▶ **Supplied data**
◆ ◆ ◆ ◆ ◆ ◆ ◆

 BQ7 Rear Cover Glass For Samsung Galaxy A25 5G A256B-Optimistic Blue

◆ ◆ ◆ ◆ ◆ ◆ ◆

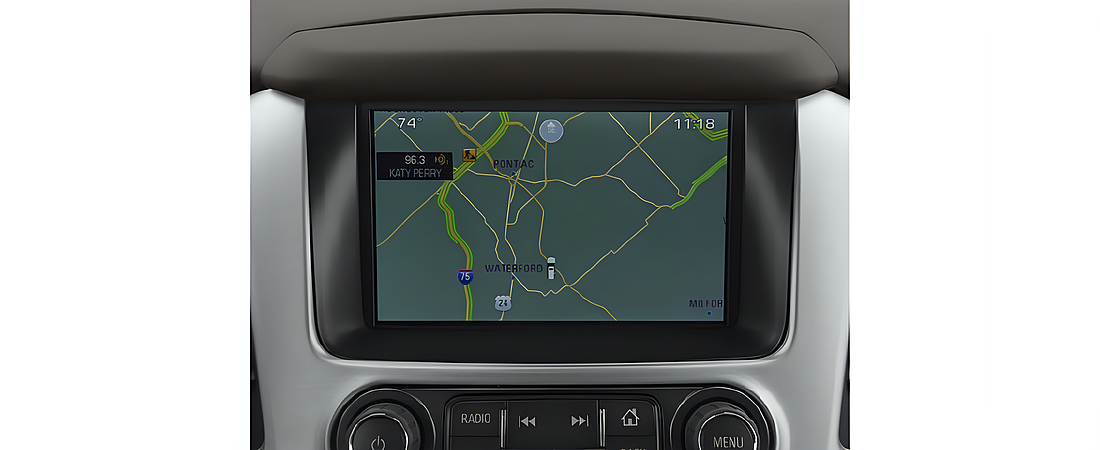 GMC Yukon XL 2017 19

◆ ◆ ◆ ◆ ◆ ◆ ◆

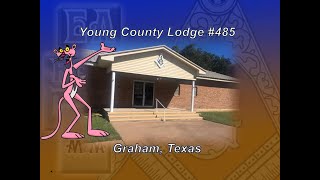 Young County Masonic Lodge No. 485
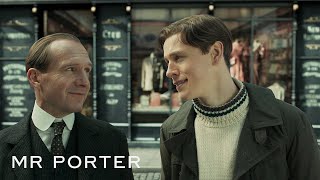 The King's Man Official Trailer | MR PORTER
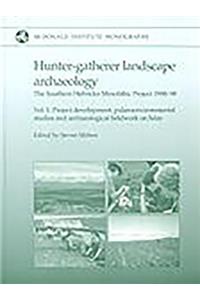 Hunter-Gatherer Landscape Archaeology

◆ ◆ ◆ ◆ ◆ ◆ ◆

▶ **Problem to solve**
Produce an exact reproduction of the listing above, limited to the lines starting at the line with "The King's Man Official Trailer | MR PORTER" and ending at the line with "Hunter-Gatherer Landscape Archaeology", both kept, with every picture left out.

▶ **Response to the task**
 The King's Man Official Trailer | MR PORTER
 Hunter-Gatherer Landscape Archaeology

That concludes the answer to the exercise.